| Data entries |
= = =

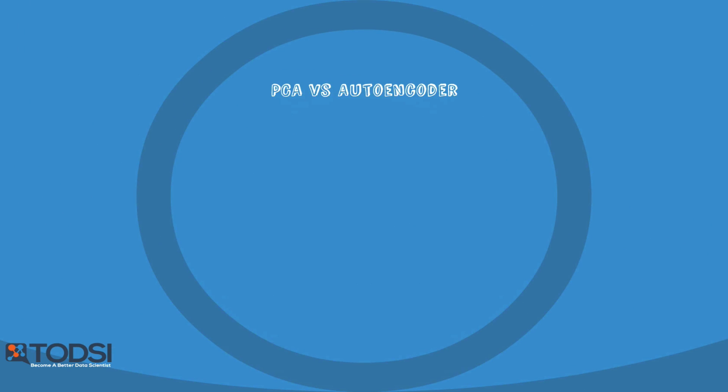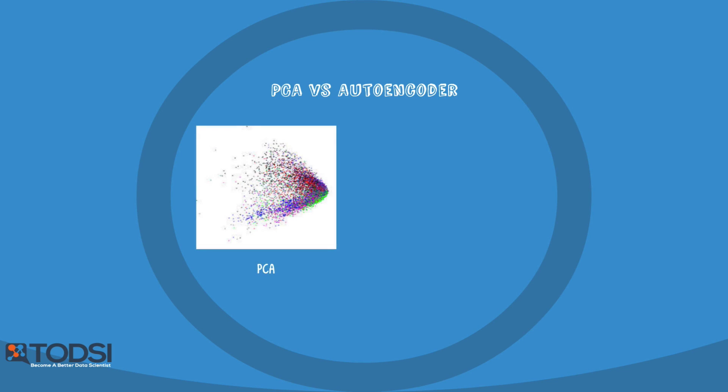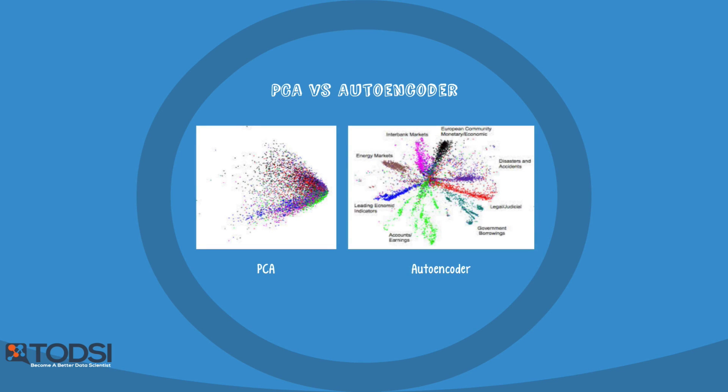Deep autoencoders perform better at dimensionality reduction than their predecessor, Principal Component Analysis, or PCA. Below is a comparison of two-letter codes for news stories of different topics, generated by both a deep autoencoder and a PCA. Labels were added to the picture for illustrative purposes.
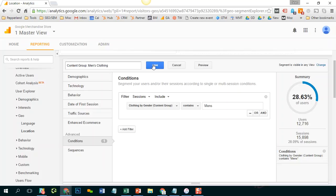I'm going to click save and before I hit save this is telling me that this segment is going to represent about 28.63% of my users.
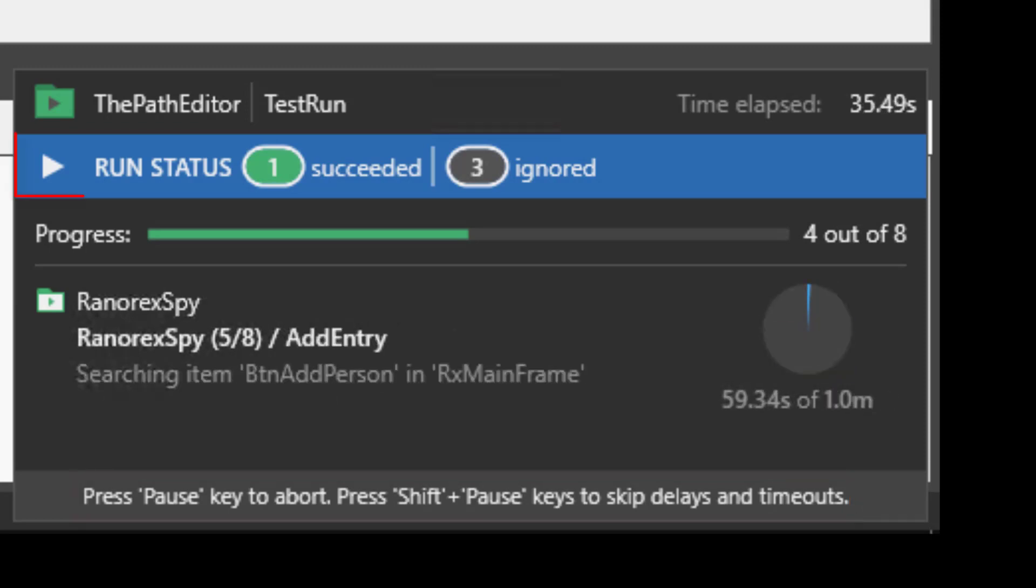The run status tells us that four iterations have occurred, one successfully and three have been ignored as they did not meet the predefined condition, or if you prefer they were not female.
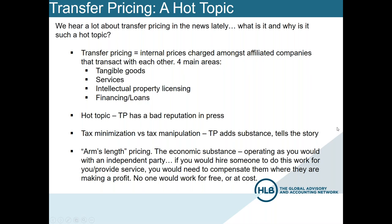Transfer pricing is basically the internal pricing charged amongst affiliated companies that transact with each other across global country lines — that's the most common — but it also has a domestic presence anytime there's room for tax manipulation with entities operating at different tax rates. There are four main areas: tangible goods, for example a manufacturer in Japan selling to a related affiliate in the U.S.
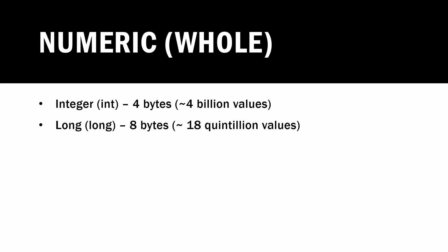But there's a couple more types of integer data that we can store. There's also a type called a short, which in C is represented by short or short int. That takes two bytes of memory and can represent around 65,000 different values.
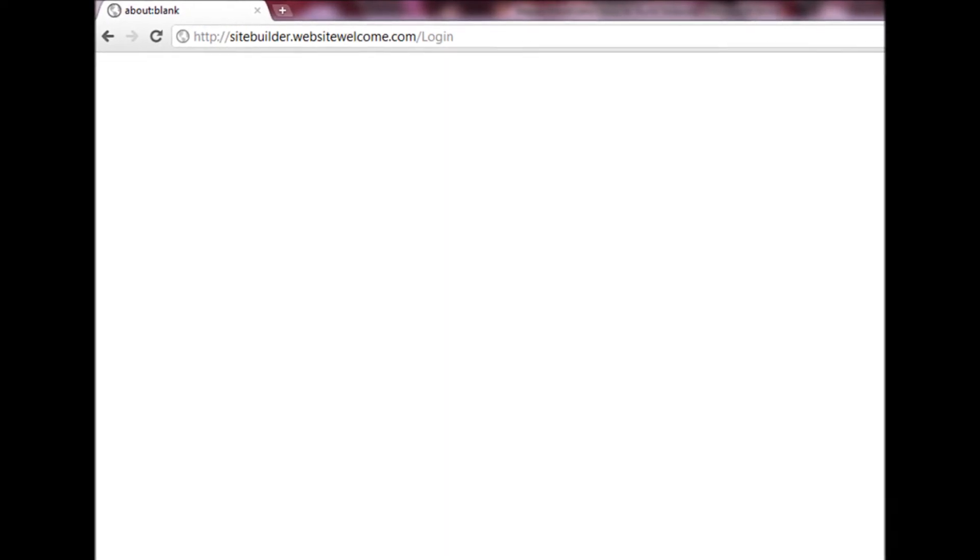Step 1: Register for Plask SiteBuilder. Step 2: Log into http://sitebuilder.websiteswelcome.com/login.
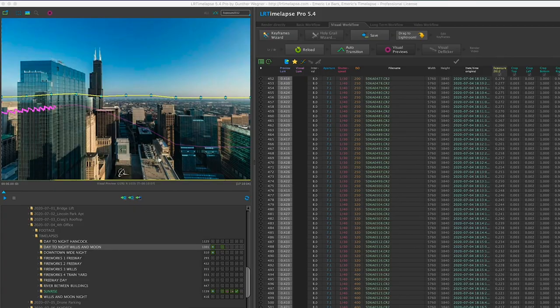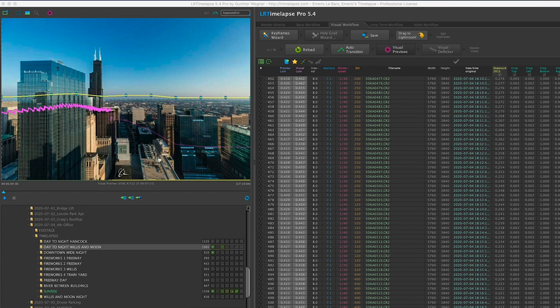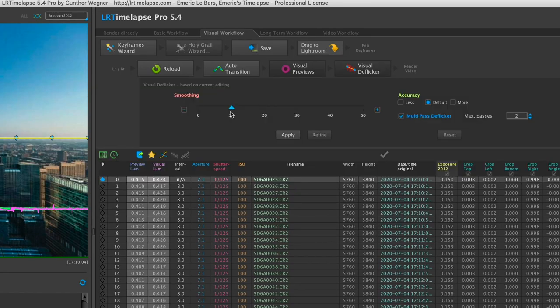Use a timelapse tool in order to smooth out the exposure ramping. You don't really have a choice, to be honest. The Holy Grail Wizard does not turn on when you shoot in AV mod, but that's okay — I just use a little more of the visual deflicker.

= = =

Output exactly, and only, the lines running from the line containing "Step 1: Register" to the last line of the entries above, omitting the pictures.

Step 1: Register for Plask SiteBuilder. Step 2: Log into http://sitebuilder.websiteswelcome.com/login.
Use a timelapse tool in order to smooth out the exposure ramping. You don't really have a choice, to be honest. The Holy Grail Wizard does not turn on when you shoot in AV mod, but that's okay — I just use a little more of the visual deflicker.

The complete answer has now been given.